Work required — A faithful copy is required. Print each line of the data exactly and omit the pictures.

· · · ·

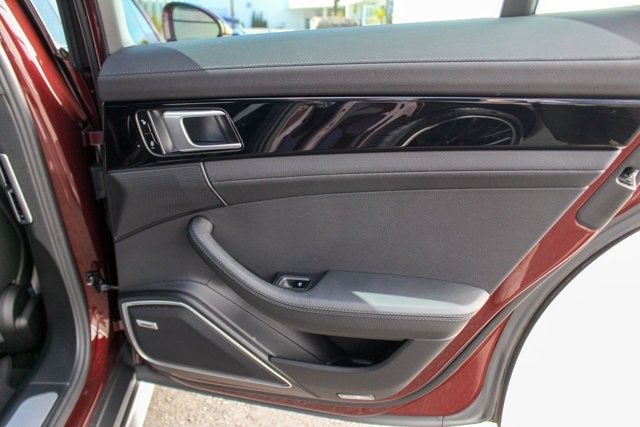 2018 Porsche Panamera 4S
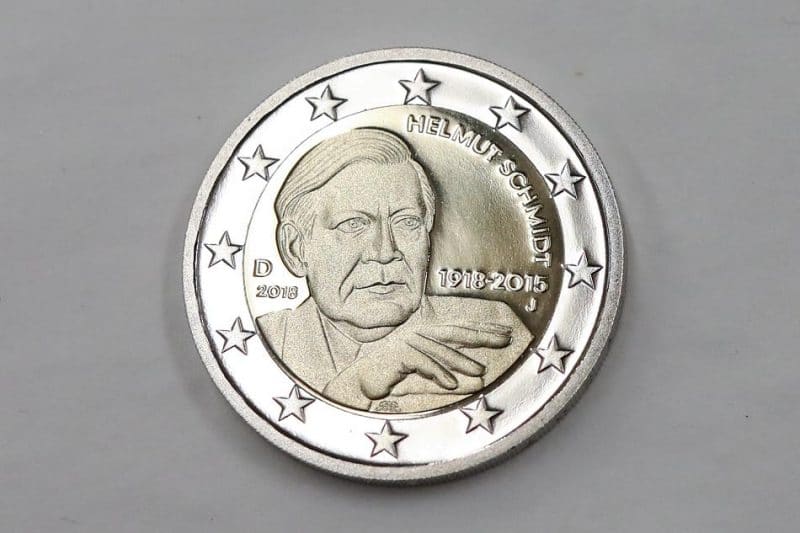 Деньги: В Германии выпустят монету с изображением Гельмута Шмидта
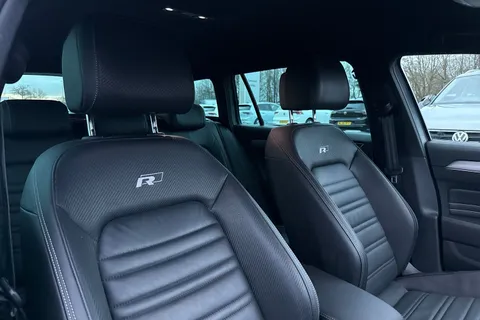 24 of 48 for VOLKSWAGEN PASSAT 1.5 TSI EVO R-Line 5dr DSG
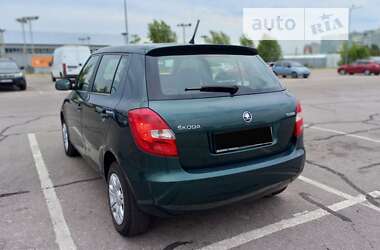 Хэтчбек Skoda Fabia 2013 в 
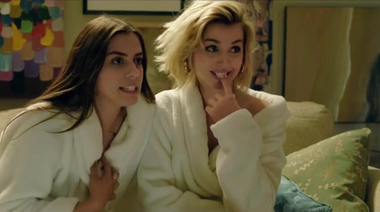 Секс втроем Киану Ривза с незнакомками Аной де Армас и Лоренцой Иззо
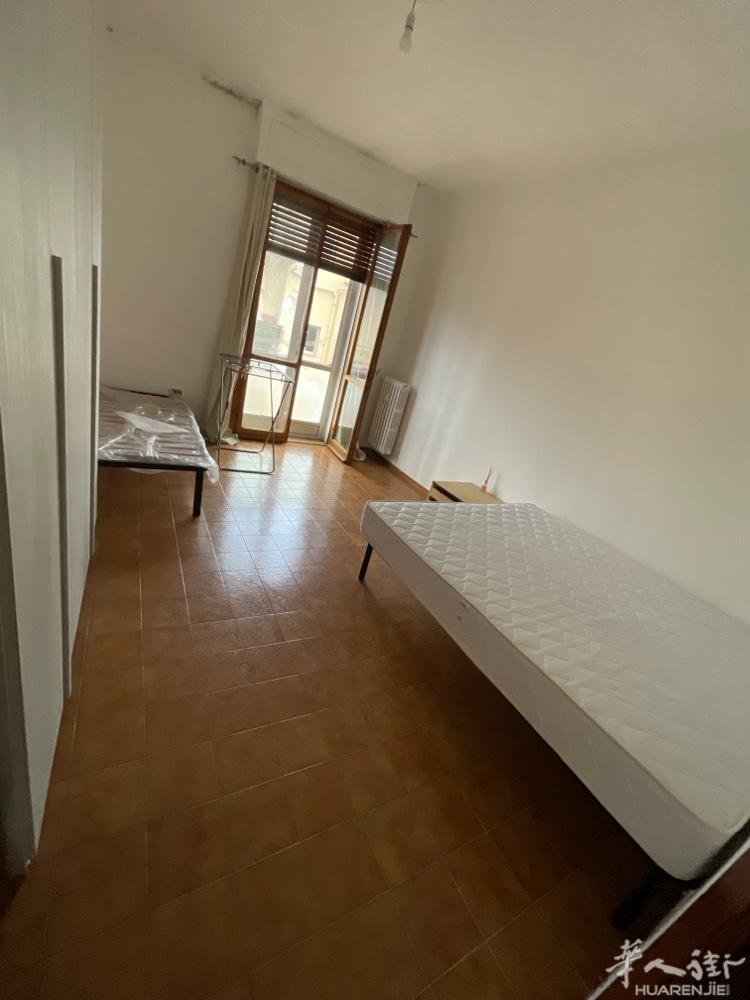 Campi bisenzio 有房间搭铺 附近有餐馆 小学旁边 San Donn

· · · ·

Solution below —
 2018 Porsche Panamera 4S
 Деньги: В Германии выпустят монету с изображением Гельмута Шмидта
 24 of 48 for VOLKSWAGEN PASSAT 1.5 TSI EVO R-Line 5dr DSG
 Хэтчбек Skoda Fabia 2013 в 
 Секс втроем Киану Ривза с незнакомками Аной де Армас и Лоренцой Иззо
 Campi bisenzio 有房间搭铺 附近有餐馆 小学旁边 San Donn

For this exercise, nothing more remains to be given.